In My Name Is Red, the Sultan’s imperial Treasury—the symbolic center of Ottoman power, influence, and conjunction—becomes the quintessential East-West portal through which the city’s timeless identity can be (re)constructed. When Black and Head Illuminator Master Osman are granted permission by the Sultan himself to examine various illuminated manuscripts contained in the Treasury, they are hopeful that the murderer’s identity will be revealed when matching his artistic style and patterns to the historical ones. In this way, the murderer would be identifiable since an unusual drawing of a horse, thought to be drawn by one of three surviving miniaturists, was found on Enishte’s body; however, what the men do discover is how the magnificence of this chamber functions as a heterotopia of Ottoman identity and transcultural confluence. Pamuk provides a lengthy inventory in this scene of the sundry objects, books, and treasures from around the known world: richly designed clothing and garments, bejeweled containers and accessories, ivory statues and ornamented weaponry, European clocks and Russian furniture, and countless illustrated tomes from various cities and kingdoms throughout time.

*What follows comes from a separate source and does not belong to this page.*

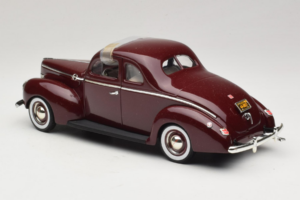 Ford Deluxe Coupe Sötétpiros ERTL 1:18 7936 Fém – 6. kép a 7-ből
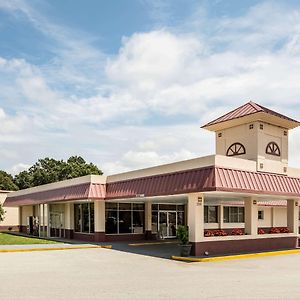 Super 8 By Wyndham Gaffney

As a heterotopic site, the Treasury is paradoxical since it simultaneously serves as an actual location with tangible objects as well as a heterochronic record of civilizations’ varied histories. Awestruck by the sensations of such a place, Black contemplates, ‘After we apprehensively experienced the silence in the room for a while longer, I knew it was as much the light as the dust covering everything that dimmed the red color reigning in the cold room, melding all the objects into an arcane sameness’ (Pamuk 2001, 300). Interestingly, in its effort to preserve these valued contents, the Treasury, similar to a museum or library—other heterotopic manifestations (Foucault 2008, 20)—also appears outside of space, a timeless and ahistorical location enclosing and isolating the products and instruments of history into a singular totality of inter/national, collective memory.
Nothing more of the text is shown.